Yet Another Entry in My Series of Poorly-Considered and Ill-Advised Bullet-Point Thoughts
On OS X Lion
- I haven’t installed Lion yet owing to an out-of-date backup. I’m waiting on a hard drive from NewEgg before I tempt fate.
- Think of the new default scrolling direction as “I want to push the content this way”. It makes more sense.
- Many of the transitionary changes in Lion (scrolling direction, dock indicators, scrollbars) all have ways to revert to the functionality of prior OS X releases. This is an odd choice for Apple, as they tend to make changes that they view as improvements, leaving in the dust people used to the legacy methods.
- The new login screen is bordering on hideous, but the unlock screen (which uses the user’s desktop picture instead of the ubiquitous linen pattern) is beautiful.
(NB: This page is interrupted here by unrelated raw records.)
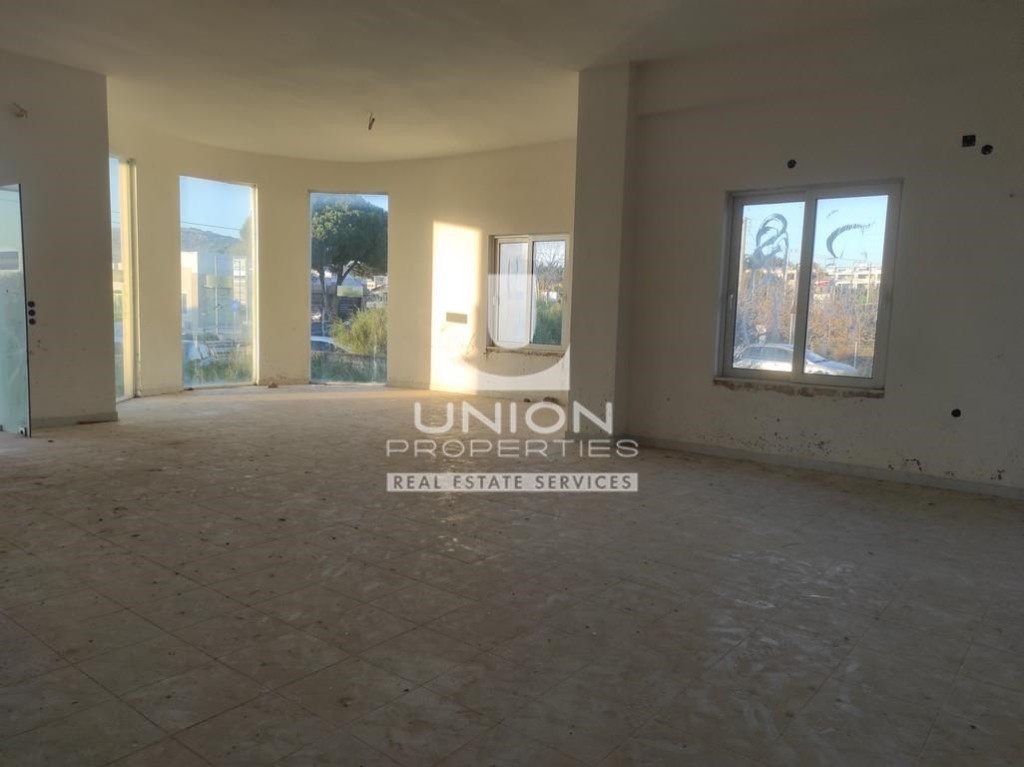 Κατάστημα 305 τ.μ. προς ενοικίαση, Λαγονήσι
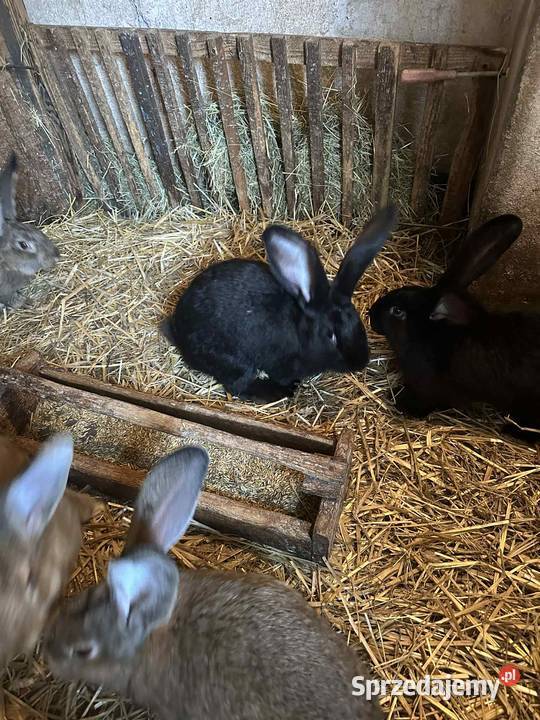 Sprzedam króliki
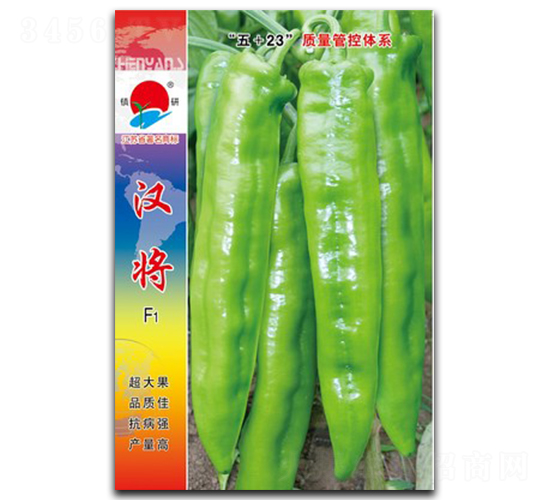 �h��-�⽷�N��-�(zh��n)�зN�I(y��)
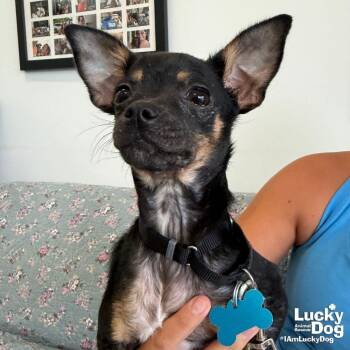 Maryanne -  Chihuahua Dog for Adoption in Washington, District Of Columbia - Maryanne | PetCurious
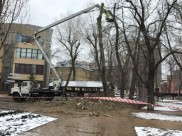 Начали вырубку деревьев.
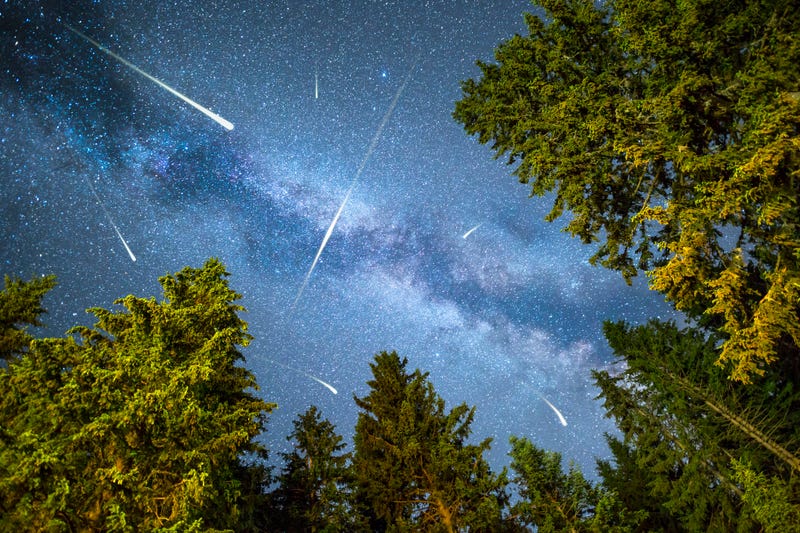 Meteor shower in the night sky. 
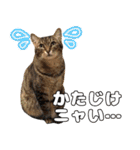 猫見家スタンプ（個別スタンプ：18）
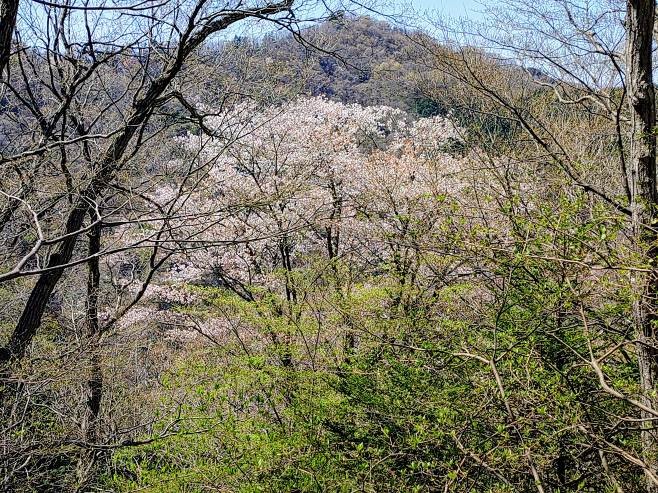 仏果山山頂周辺のサクラ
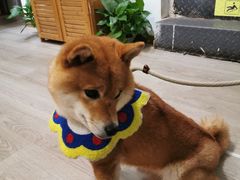 -柴迷FANS CLUB·柴犬狗咖·猫咖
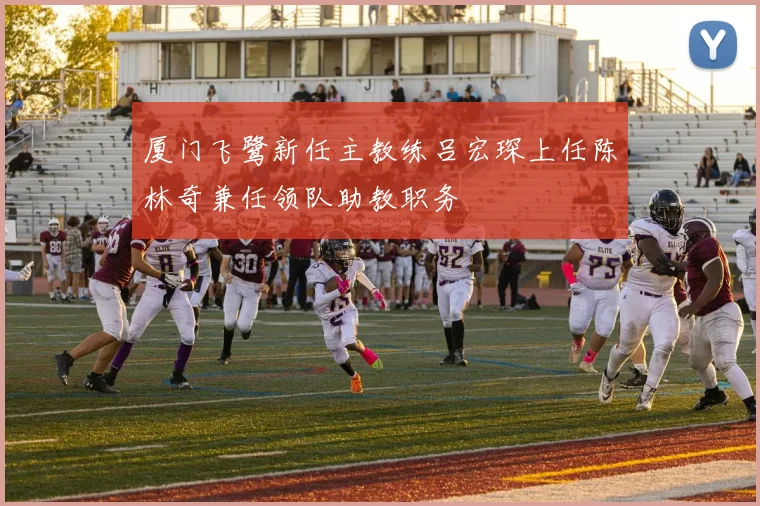 厦门飞鹭新任主教练吕宏琛上任陈林奇兼任领队助教职务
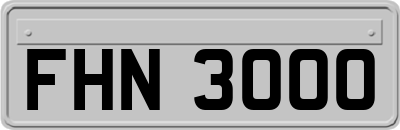 FHN3000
- I dislike the new iCal for how horrible the faux leather texture looks, but I dislike Address Book even more. It doesn’t resemble any real address book I’ve ever seen. It’s a usability nightmare. The stack of pages on either side never changes, the hanging bookmark is a button to show groups (as one would, of course, expect), and one can’t actually flip through the “book”.
On Google+
- Google+ is an odd rethinking of the typical user privacy model. Usually, person A requests permission to see person B’s information. Person B can accept or deny this request. On Google+, it’s almost the inverse. Person A adds person B to their whitelist, and person B gets a notification that person A is now sharing their content. Person B can choose to share their content with person A or not, but person B can now view person A’s content without requesting it.